John Windus (fl. 1725) was a British ambassador to Morocco who wrote a popular and influential account of his travels in that country in 1725. In 1720, he accompanied a diplomatic expedition to Morocco with Commodore Charles Stewart, who was given a small naval squadron and the authority of a minister plenipotentiary. They sailed from England on 24 September 1720 and travelled to Tetuan, where they met the Basha Hamet Ben Ali Ben Abdallah. The two sides agreed a peace treaty which was signed at Ceuta in January 1721, under which the Moroccans undertook to prohibit piracy and release English captives. They travelled on to Meknes where they met the King of Morocco, Ismail Ibn Sharif, and reconfirmed the Anglo-Moroccan alliance.

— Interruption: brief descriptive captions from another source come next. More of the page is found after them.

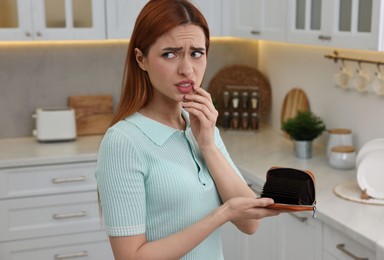Photo of Upset woman with empty wallet at home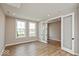 Light-filled living room features hardwood floors and glass paneled french doors to another room at 6038 Windsor Dr, McCordsville, IN 46055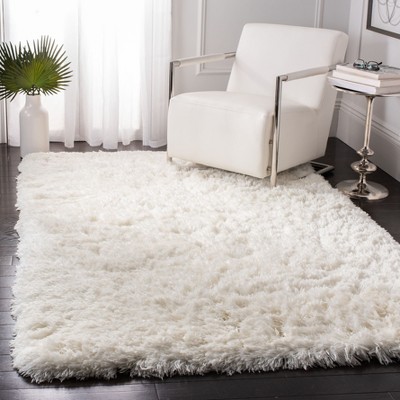 Ivory Hand-Tufted Shag Sheepskin 4' x 6' Area Rug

Windus spent at least seven months (if he signed the treaty in January 1721, he was in the country until August, when he left with the captive English Captains and Sailors released by the treaty, according to his book) travelling in Morocco and drew on his experiences to write A Journey to Mequinez, the Residence of the Present Emperor of Fez and Morocco, on the Occasion of Commodore Stewart’s Ambassy Thither for the Redemption of the British Captives in the Year 1721, published in 1725. The book was only the second published in English on the subject of Morocco and was by far the most comprehensive account of life, society, politics and the environment of a country which few Christians had at that time visited. It went through multiple editions and influenced subsequent writers, as well as providing an invaluable historical record of Morocco at that time. It was translated into German in 1726 and into Arabic in 1993.